Thursday, January 6, 2011

How Right are the Titans in Dumping Vince Young?

Let's do a small piece of blind taste-testing...er, except we're tasting quarterbacks. Eeeeew.

Anyway, grossness out of the way, here's the comparison:

Quarterback A: 21-12 (.636 winning percentage) as a starter over three seasons, 55.3 percent completions, 30 TD, 27 interceptions, 161 yards per game.

Quarterback B: 30-17 (.638) as starter over five seasons, 57.9 percent, 42 TD, 42 picks, 150 yards per game.

Neither set of numbers is exploding off the page, but one of these players still had local fans defending him to the death, while one was considered among the worst QB's of all time based off a hideous rookie season.

Given the fact that his 30-17 record as a starter has been trotted out ad nauseam as fans and analysts struggle to find good things to say about him, it should be no surprise that Vince Young is Quarterback B. As for Quarterback A?

This guy. Kyle Orton, one of my ex-Purdue amigos, and quite obviously a veteran party hound. The numbers above are from his three seasons in Chicago, where he grew as a quarterback while one of the decade's best defenses toiled opposite him in practice.

At least he's never been caught on video beating some fool in a strip club, but that's a whole other story.

As an interesting coincidence, Orton spent the past two seasons churning out numbers after being traded to Denver for Jay Cutler, the guy who was selected eight spots behind Vince Young in the 2006 draft.

Nashville sports radio, as recently as October, still occasionally turned out mouth-breathers who would still claim that Young was the best of the three 2006 signal-callers (Matt Leinart, of course, being the third). Strangely, out of the three, only one is likely to have a starting job in 2011, and it ain't VY.

Cutler's not quite the franchise guy yet. Did he whine his way out of Denver? Yep. Is he arrogant? You bet.

One thing Jay's never been accused of, however, is being lazy. Leinart always seemed more interested in hot-tubbing, and Vince always seemed to think he could just show up and dominate. If I have to choose one of those traits in my franchise QB, I'm taking arrogance over laziness every time.

For all the (entirely justifiable) flak that Cutler caught for crying his way out of Denver, his towel is nowhere near as tear-stained as Vince Young's. Tossing shoulder pads into stands, freely admitting that you're walking out on your coach, disappearing after a game to the point that your coach and family are contacting authorities out of fear that you've harmed yourself? These are not the actions of a leader of men.
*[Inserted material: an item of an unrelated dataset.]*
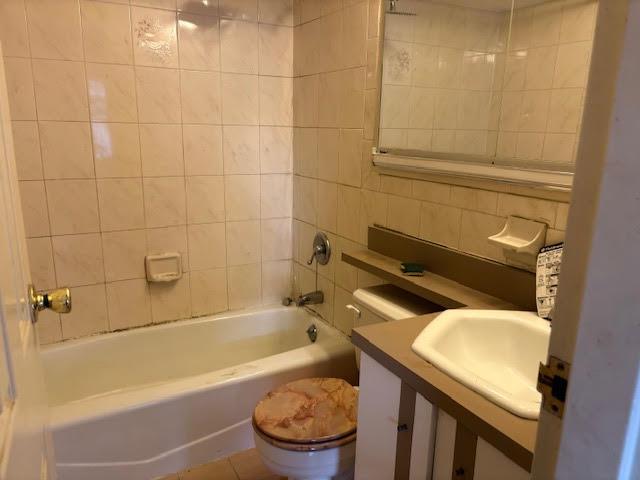 353 Ocean Ave Unit 4G, Brooklyn, NY 11226 - full bathroom featuring toilet, shower / bath combination, vanity, and tile walls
The win-loss record defense continues to chap me, as I am far from a card-carrying member of the Cult of the Quarterback. A quarterback's win-loss record is one of the most meaningless stats in all of sports.

Vince Young did not go 30-17. The Tennessee Titans went 30-17 in games that he started. Of course, in 2008, they went 13-2 in games that he didn't start. Yet, very little clamor has been heard for Kerry Collins to maintain a starting job.

The point of comparing Vince to Orton was that absolutely no one was giving Orton any credit for the games that the Bears won during his tenure. Vince always seemed to get a huge share of the credit for every victory, even the ones that were part of Chris Johnson blazing his way into the history books last year.

The sad part is that Vince Young appears to have learned absolutely nothing.

Comments from an interview with Jim Wyatt of the Tennesseean:

"People say that's immature, but that's just me." Good to know that one can admit to being immature. Isn't the first step admitting that you have a problem?

"Wherever I go I will be committed like I am committed to everything." Commitment was the biggest question that most people had about you, Vince. 

Whatever Bud Adams heard in the postseason meetings that he's been having with Titans executives, there must have been some serious bombshells, creating shockwaves strong enough to remove Bud's head from VY's backside. It used to seem that it would take the Jaws of Life to get Bud out of there. Safe to say that a lot of people questioned Vince's maturity, commitment, and a lot of other things.

Now to kick back and listen to the mouthbreathers complain that it should have been Jeff Fisher getting canned. Calm down, fellas, who's to say that he won't?

Oh, and over/under on how long it takes Jemele Hill to write a column about how VY got canned because he's black: four days.